Jin Qi earned her M.D. in 2003 from Tianjin Medical University, where she was awarded the scholarship of Wangkechang as outstanding student. She was then certified by Ministry of Health of the People’s Republic of China as a Diagnostic Radiologist in 2004. Since then, Dr. Qi has spent her time in clinical practice and research at Tianjin Cancer Hospital, the top ranked cancer hospital in China.
Due to the vast development in computer technology, Dr. Qi chose to obtain her PhD in computer science. In 2013, she joined the PhD program at the School of Computer Science and Technology of Tianjin University. She chose this program hoping to combine her clinical knowledge and expertise with computer technology to introduce significant breakthroughs into the clinical practice.
Dr. Qi focuses on imaging diagnosis and interventional treatment of the lungs, breast, digestive system and prostate. As a diagnostic radiologist, she was responsible for reading roughly 100 medical images every day and more than 40,000 cases every year. Due to her outstanding performance, Dr. Qi became the youngest attending physician in the department of radiology in Tianjin Cancer Hospital. She was also awarded the First Prize of Young Researchers, Science-Technology Achievements Award of the city of Tianjin, Outstanding Physicians, and Outstanding Leading Physicians of Tianjin Cancer Hospital.
Dr. Qi is now currently visiting H. Lee Moffitt Cancer Center & Research Institute as a research associate. She joined Dr. Robert J. Gillie’s team at Moffitt Cancer Center, one of the top teams in the world researching Radiomics and related clinical applications. The delicate structure of Radiomics requires pioneers in this field to be extremely experienced doctors and scientists who fully understand both computer science and clinical radiology. As one of the pioneers of Radiomics, Dr. Qi has been focusing on feature extraction and clinical interpretation of tumor images from various medical imaging modalities including CT and MR.

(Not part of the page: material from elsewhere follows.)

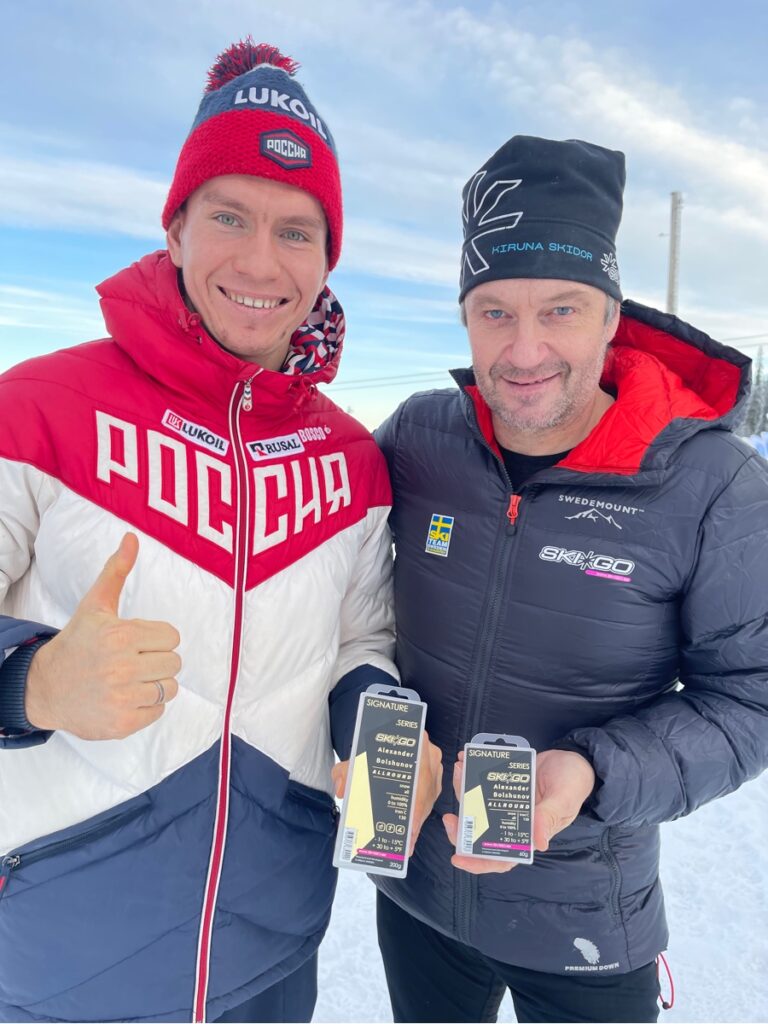 Alexandr Bolshunov ja Christer Majbäck esittelevät Bolshunovin nimeä kantavia voiteita.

Dr. Qi’s outstanding research on breast cancer and CTLM makes her the world’s first physician who fully understands the clinical value of this new technology. Now she is not only focused on the clinical application of the new technology but also dedicated in the research and development of the computer analysis of the CTLM imaging currently in laboratory stage. Because of her experience in the Radiomics research at Moffitt cancer center, she is the radiologist not only engaged in the imaging diagnosis but also in the computer technology. She aims to use computer analysis-aided diagnosis in the new technology to achieve early detection of Breast cancer. Her continuous research is expected to gain success in the near future to benefit the majority of US women.